Menu

Chair's Message

Camille Clare

Camille A. Clare, MD, MPH, CPE, FACOG
Chair, SUNY-Downstate Health Sciences University

Professor, College of Medicine & School of Public Health
Department of Obstetrics and Gynecology

The Obstetrics and Gynecology residency training program at SUNY Downstate has a long and storied history. The department was founded in 1860 as "German General Dispensary," and subsequently underwent several name changes before becoming the State University of New York (SUNY) at Downstate in 1950. The residency began in 1953 making it one of the oldest programs in the country. It also had the first Gynecologic Oncology Fellowship Program and the first School of Midwifery. Williams' Obstetrics, Editions 12, 13, and 14, were edited at SUNY Downstate. Alumni of the department have gone on from Downstate to assume leadership positions throughout the country, including everywhere from Harvard, Cornell, Hopkins and Columbia to UCLA. The faculty at SUNY is committed to training the next generation of academic leaders and expert clinicians in all aspects of women’s health care.
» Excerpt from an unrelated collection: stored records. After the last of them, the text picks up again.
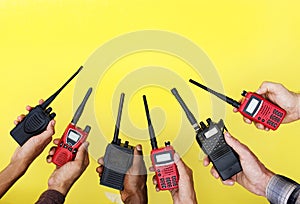 Group of hands holding portable two way radios with yellow background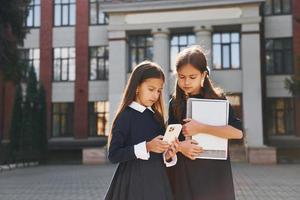 Front view. Two schoolgirls is outside together near school building photo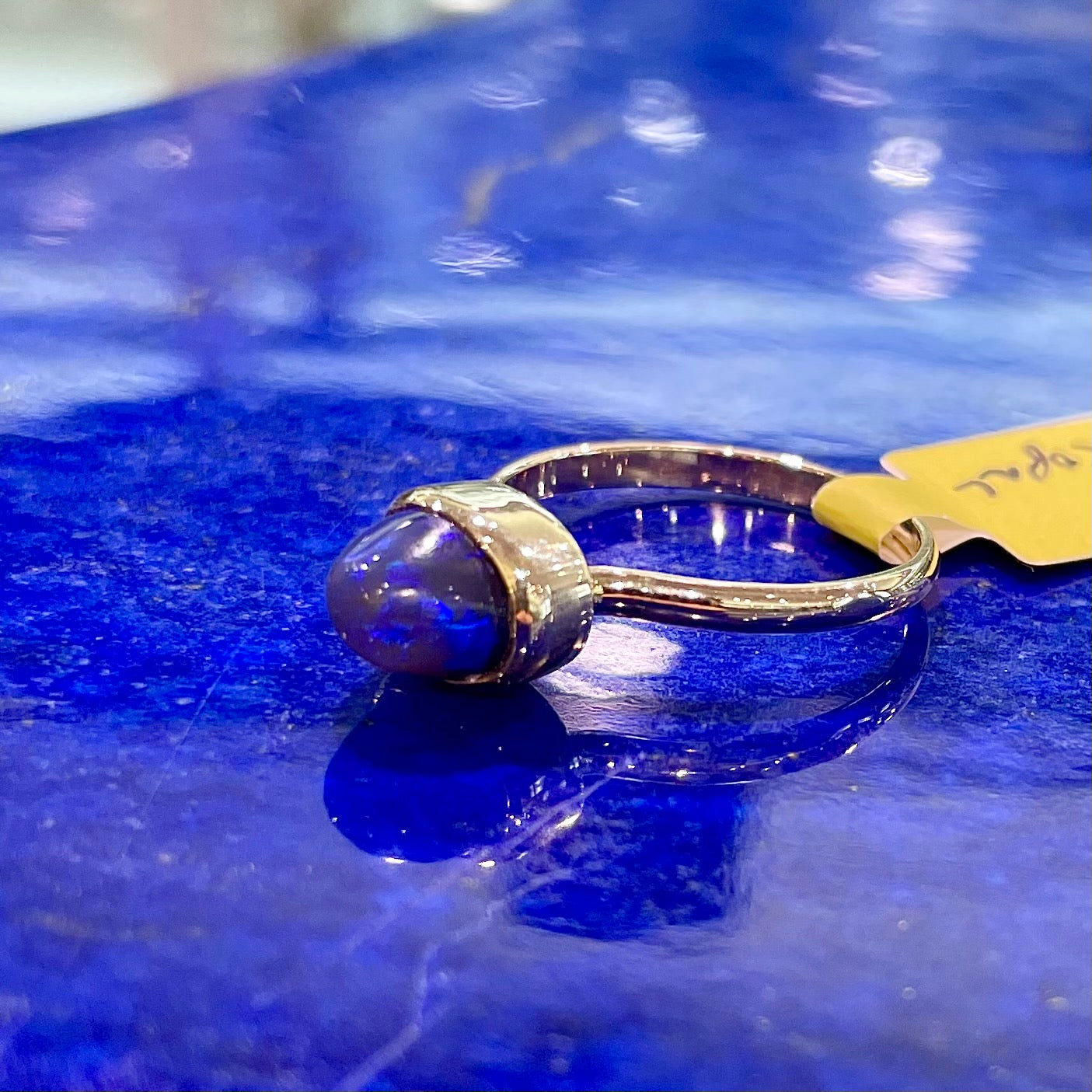 A ladies' black crystal opal solitaire ring set in yellow gold.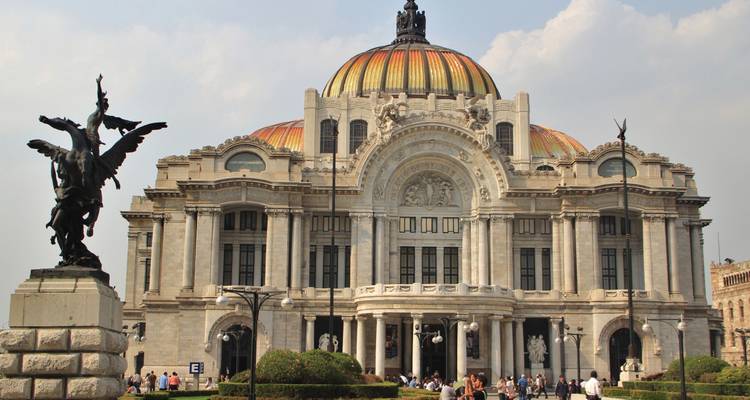 Impressive Palacio de Bellas Artes with its colorful domed roof and ornate façade, bustling with visitors in the plaza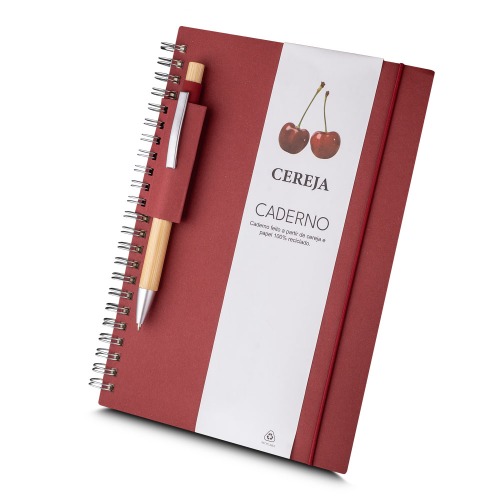 Caderno de anotações, com capa em papel 100% reciclado com elástico. Miolo de 70 folhas pautadas na cor bege; Com suporte para caneta em papel reciclável;  *Não acompanha caneta. 21 x 15 cm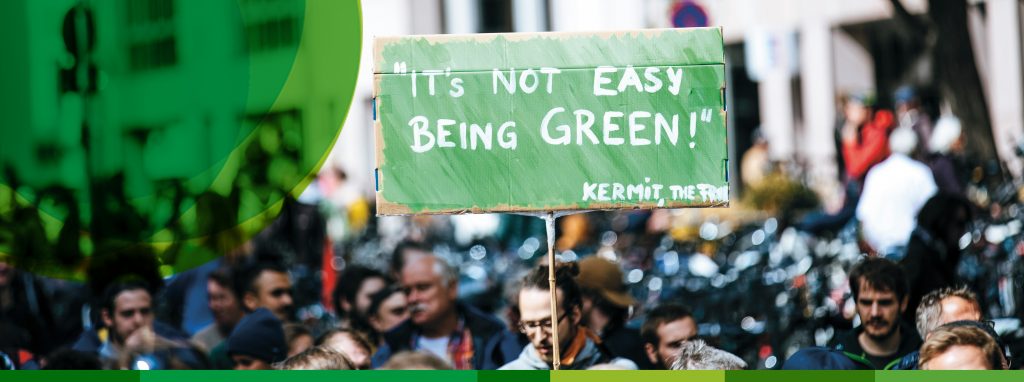 Bei einer Klimademonstration halten Menschen ein grünes Pappschild mit der Aufschrift: "It's not easy being green! - Kermit, the Frog"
The department has dual lodestones; pedagogic and clinical. From the teaching perspective our goal is to meld exposure to the highest risk patients with immersion in the knowledge that undergirds clinical excellence. As Osler famously said, “He who studies medicine without books sails an uncharted sea, but he who studies medicine without patients does not go to sea at all.” Downstate is a roiling sea with a 21stcentury navigation system. Our second north star is the recognition that we are a mission hospital. The reality of disparities in obstetrical outcomes in the United States is well known. Paul Farmer challenged physicians by noting that, “Excellence without equity looms as the chief human-rights dilemma of health care in the 21st century.” In the battle to provide both excellence and equity Downstate is the tip of the spear. The job of all providers at the University-- faculty, residents and fellows-- is to prove the highest in quality care, and to be cognizant of the factors beyond medications that advantage or disadvantage women.

To achieve these goals we have devised a curriculum that is encompassing, and we provide adequate time for our 24 residents to master its content. We also have a clinical experience at our two sites (SUNY Downstate and its sister institution Kings County Hospital directly across the street), that gives residents the breadth of exposure that will allow them to graduate with a confidence that is bred from experience. Kings County is a city hospital (part of the H&H system) that has been a vital part of our training program for several generations. It has its own valued history, dating back to when Walter Reed did his internship, and Leon Chesley, the father of hypertension in pregnancy had his lab on the antepartum floor. We are enthusiastic about our future, and are looking for individuals who want to share in this exciting opportunity to be both great and good.